Ingredients Halal Vanilla Extract @q_pad Scrape Vanilla Beans @q_pad Vegetable Glycerin and Vanilla Beans @q_pad @placeholder @c_pad How to Make Caffe Mocha @c_pad How to Make Koki Paratha @c_pad Vanilla Beans Can Use With Vegetable Glycerin @c_pad Prepare the Dough

Note: Since the question_text in all 'textual cloze' tasks is 
"Choose the best title for the missing blank to correctly complete the recipe." we don't represent it in the question sequence.


We model them as a Seq2seq task. The first RNN looks at the context sequence. The second RNN looks at the question sequence and we use the last hidden state of second RNN to classify to values [0,1,2,3] each representing choice numbers. It should give more than 25% accuracy(random guessing)

The model is simply learning train data.
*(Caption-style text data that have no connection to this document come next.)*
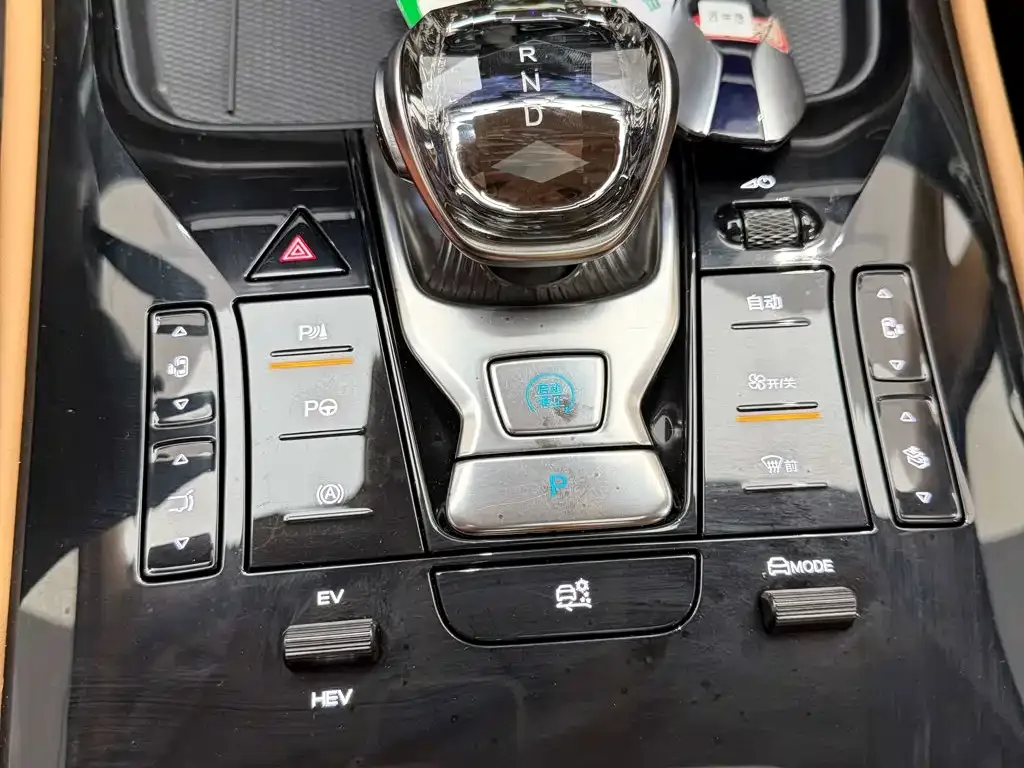 Denza Denza D9 2025 Model DM-i Smart Drive Edition 1020 AWD Flagship — Фото автомобиля 20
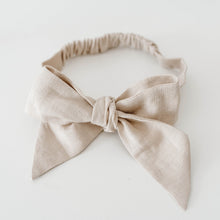 Load image into Gallery viewer, Natural Linen Bow Pre-Tied Headband Wrap
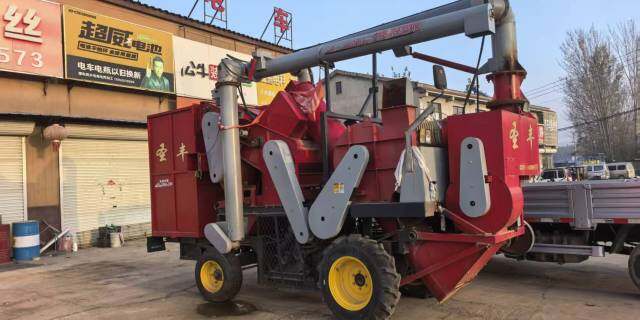 圣丰自吸式玉米打棒机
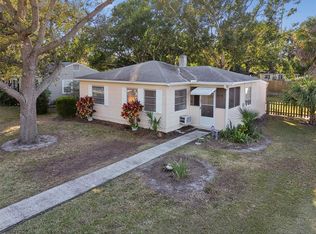 1001 Hull St S, Gulfport, FL 33707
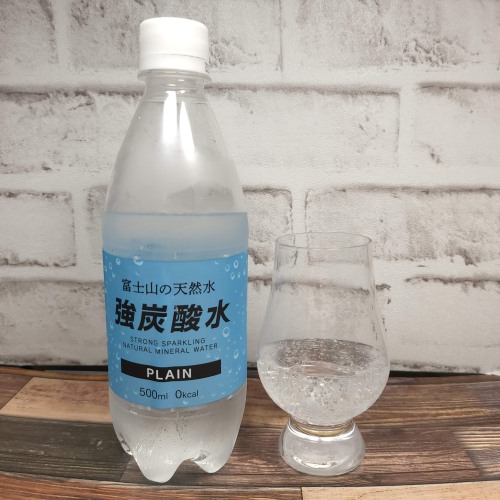 「友桝飲料 富士山の天然水 強炭酸水」とテイスティンググラスの画像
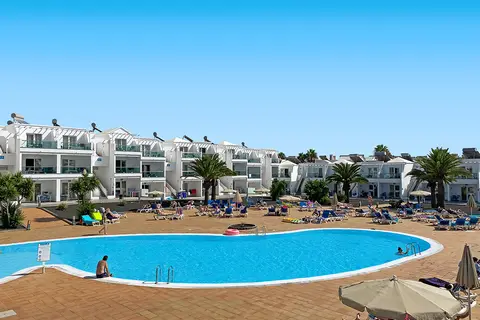 Plaza Palmeras in Puerto del Carmen — foto 21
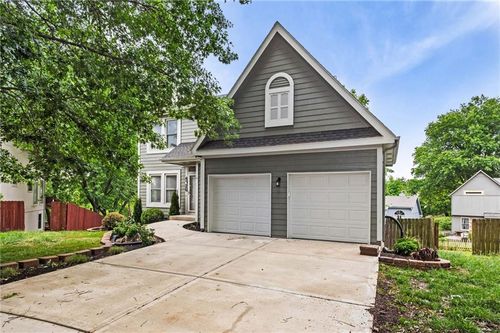 4726 Brockway St, Shawnee, KS, 66226-2345 | Card Image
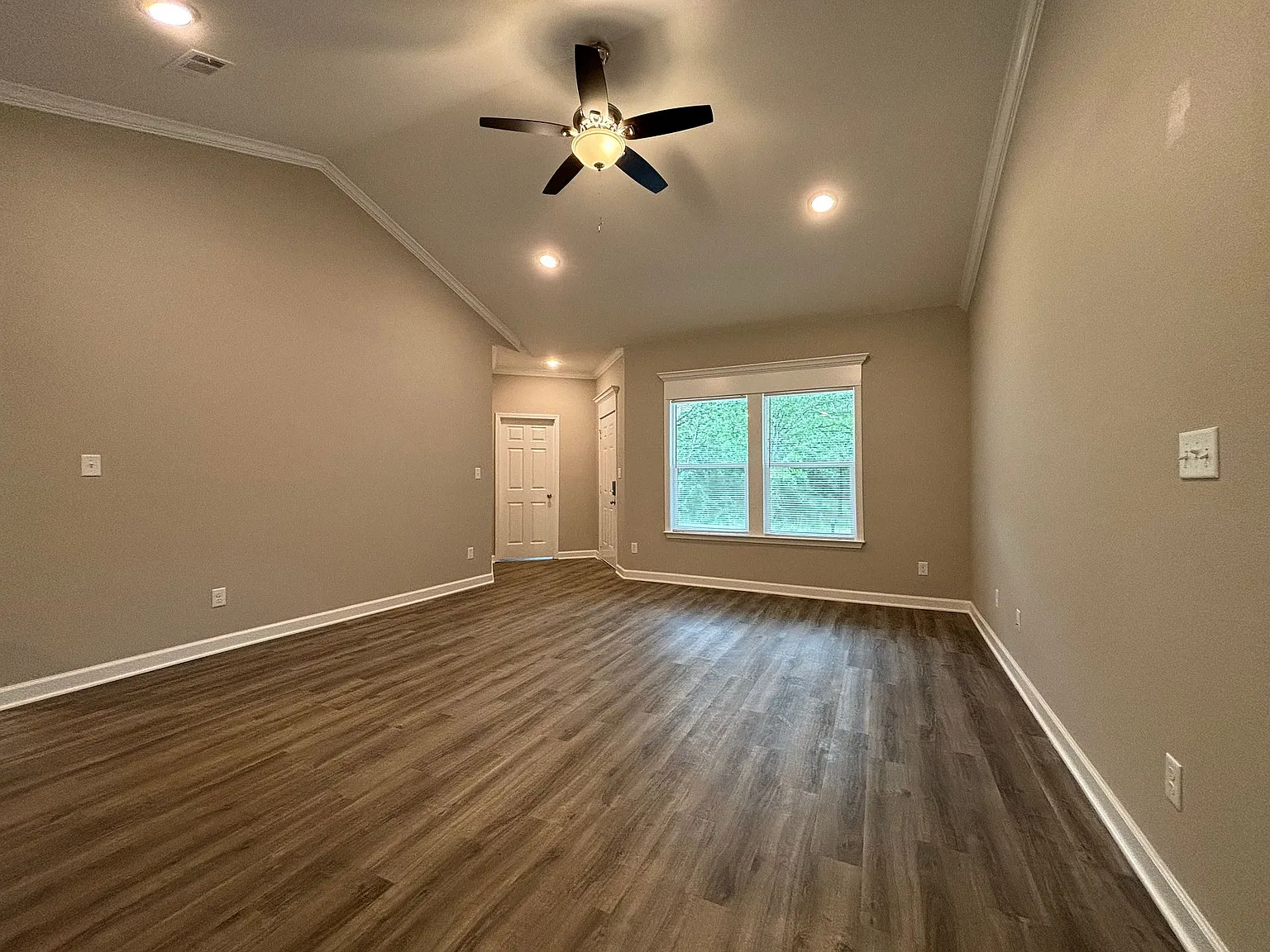 213 Round Mountain Rd — Photo 3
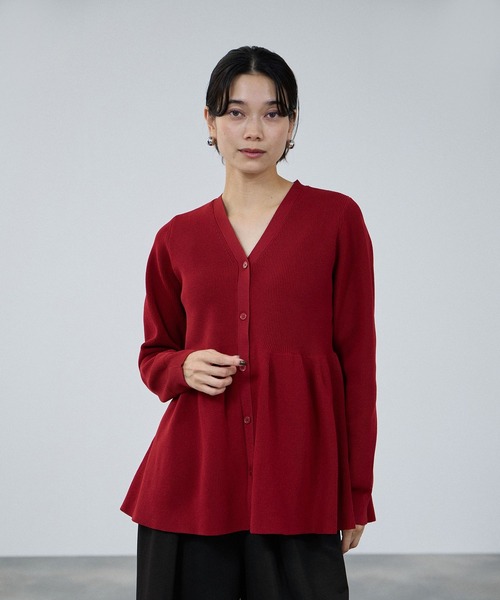 Mac-House（マックハウス）の「milli de l'air ソフトレッチペプラムカーディガン（カーディガン/ボレロ・レディース・カーキ/ブラウン/レッド/ブラック・M）」の5枚目の写真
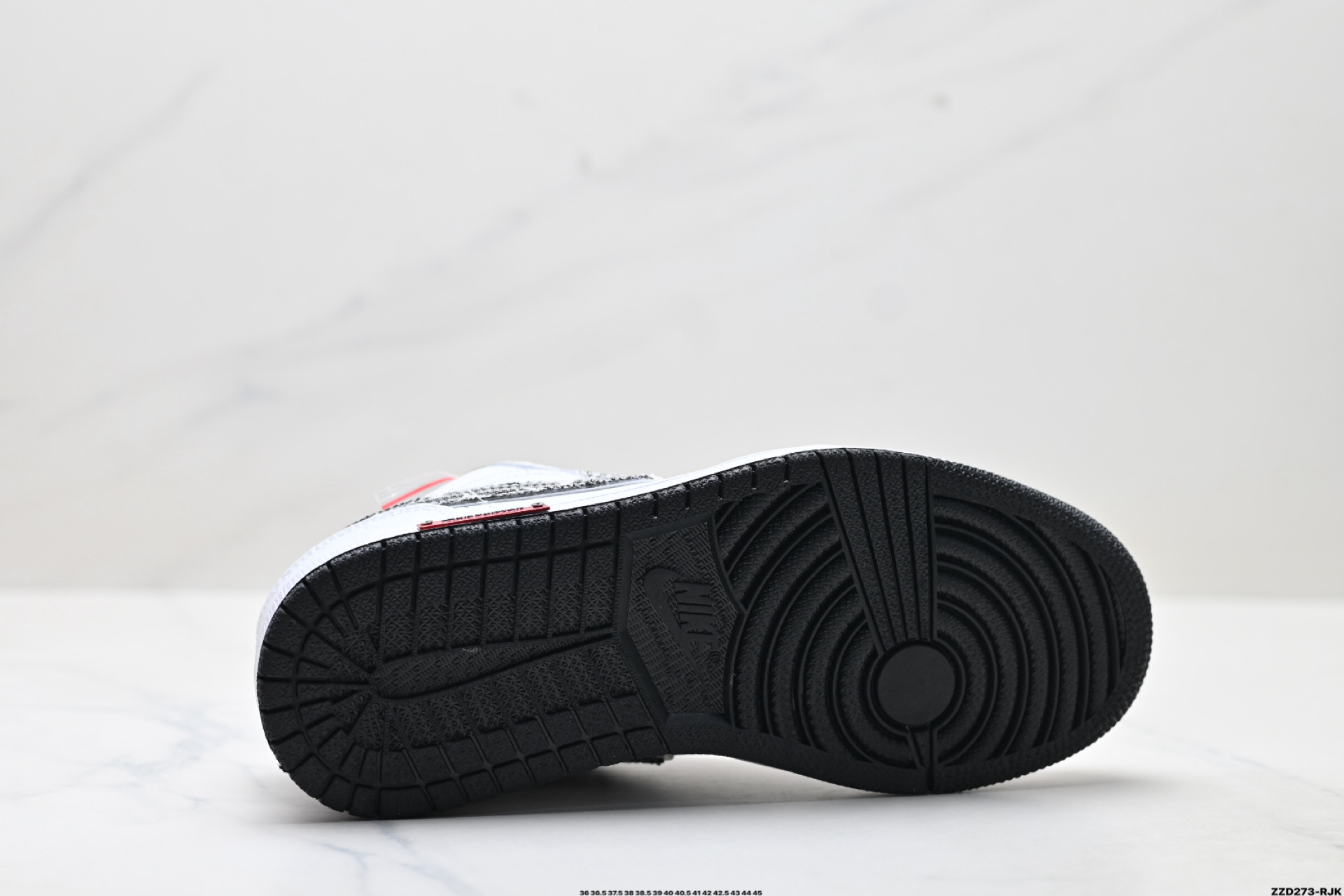 Nike Air Jordan 1 Low AJ1乔1低帮休闲板鞋 QG1988-011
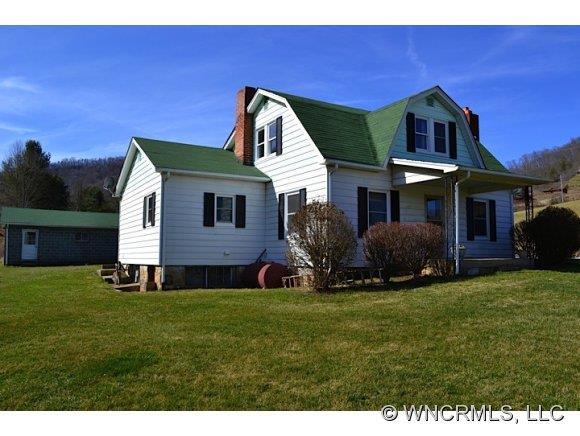 491 Yates Cove Road, Waynesville, NC 28785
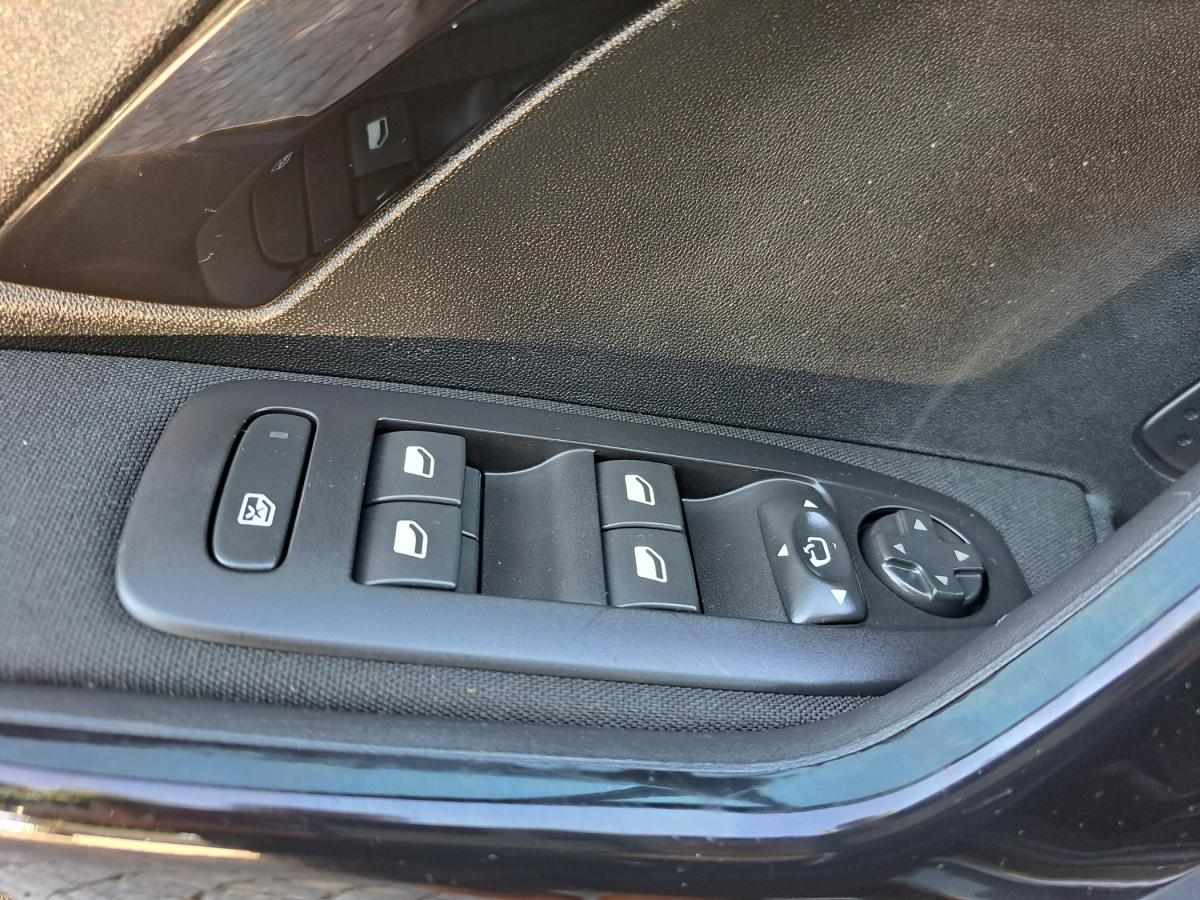 peugeot-2008-2019-gasolina-1199cc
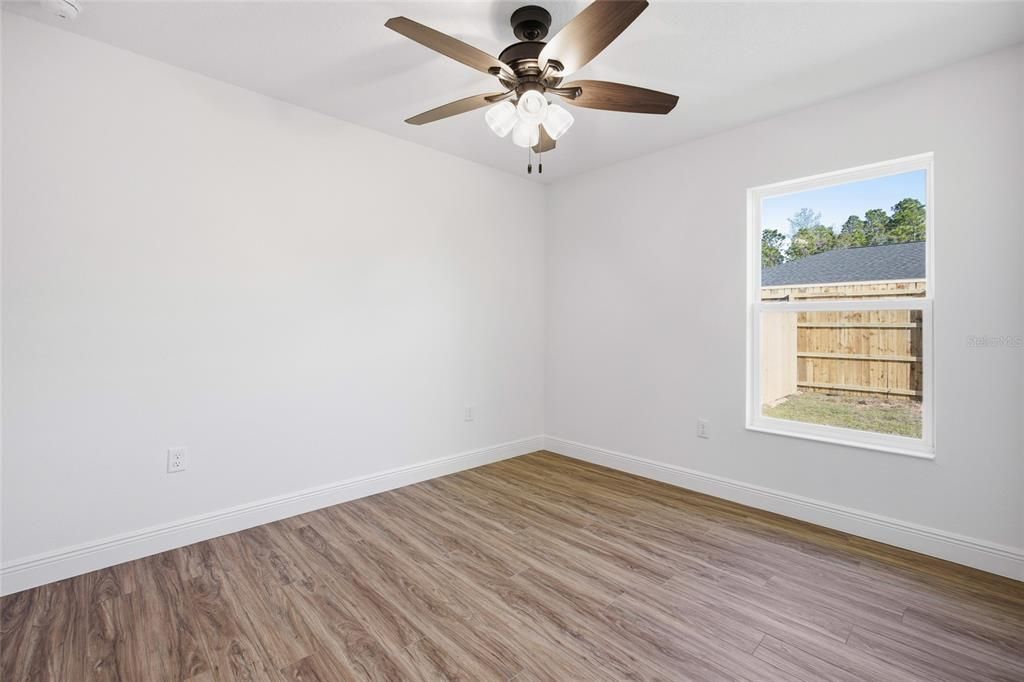 На продажу: $289,000 (4 спален, 2 ванн, 1473 Квадратных фут)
When run for more epochs, train accuracy increases but not valid so the model is simply learning the training data.

In [1]:
import torch
import json
from torchtext import data
import torch.nn as nn
import torch.optim as optim
import time

Download dataset( if not already downloaded )

In [2]:
%%bash
FILE=/content/train.json
if [ ! -f "$FILE" ]; then
  wget -c "https://vision.cs.hacettepe.edu.tr/files/recipeqa/train.json"
fi
file=/content/val.json
if [ ! -f "$file" ]; then
  wget -c "https://vision.cs.hacettepe.edu.tr/files/recipeqa/val.json"
fi
file=/content/test.json
if [ ! -f "$file" ]; then
  wget -c "https://vision.cs.hacettepe.edu.tr/files/recipeqa/test.json"
fi

# Create Dataset and Iterators

In [3]:
train_file = "/content/train.json"
test_file = "/content/test.json"
val_file = "/content/val.json"


# Padding for dataset
context_sequence_pad = ' @context '
question_sequence_pad = ' @q_pad '
choice_list_pad = ' @c_pad '

# Selecting examples of 'textual cloze' and creating sequences with padding
def get_examples(file):
    ak = json.load(open(file))

    k = [i for i in ak['data'] if i['task'] not in ['visual_coherence', 'visual_cloze', 'visual_ordering']]

    examples = []

    for i, j in enumerate(k):
        l = {}
        l['context'] = context_sequence_pad.join([m['body'] for m in j['context']])
        l['question'] = question_sequence_pad.join(j['question']) + choice_list_pad + choice_list_pad.join(
            j['choice_list'])
        l['answer'] = j['answer']
        examples.append(l)
    return examples

train_examples = get_examples(train_file)
test_examples = get_examples(test_file)
val_examples = get_examples(val_file)

# Defining fields for the context, question and answer
context = data.Field(sequential=True, tokenize='spacy', init_token='<sos>', eos_token='<eos>')
question = data.Field(sequential=True, tokenize='spacy', init_token='<sos>', eos_token='<eos>')
answer = data.LabelField(is_target=True, preprocessing=lambda x: str(x), tokenize='spacy',sequential=False)
fields = [('context', context), ('question', question), ('answer', answer)]

# creating datasets
train_Examples = [data.Example.fromlist([i['context'], i['question'], i['answer']], fields) for i in train_examples]
train_dataset = data.Dataset(train_Examples, fields)
test_Examples = [data.Example.fromlist([i['context'], i['question'], i['answer']], fields) for i in test_examples]
test_dataset = data.Dataset(test_Examples, fields)
val_Examples = [data.Example.fromlist([i['context'], i['question'], i['answer']], fields) for i in val_examples]
val_dataset = data.Dataset(val_Examples, fields)


#Build Vocabs
context.build_vocab(train_dataset,min_freq = 2,max_size = 30000,vectors = "glove.6B.100d", 
                 unk_init = torch.Tensor.normal_)
question.build_vocab(train_dataset, min_freq = 2,max_size = 6000,vectors = "glove.6B.100d", 
                 unk_init = torch.Tensor.normal_)
answer.build_vocab(train_dataset)

# build iterators
BATCH_SIZE = 128
device = torch.device('cuda' if torch.cuda.is_available() else 'cpu')
train_iterator, test_iterator, val_iterator = data.BucketIterator.splits((train_dataset, test_dataset, val_dataset),
                                                                         batch_size=BATCH_SIZE,
                                                                         sort_key=lambda x: len(x.context),
                                                                         sort_within_batch=True,device= device)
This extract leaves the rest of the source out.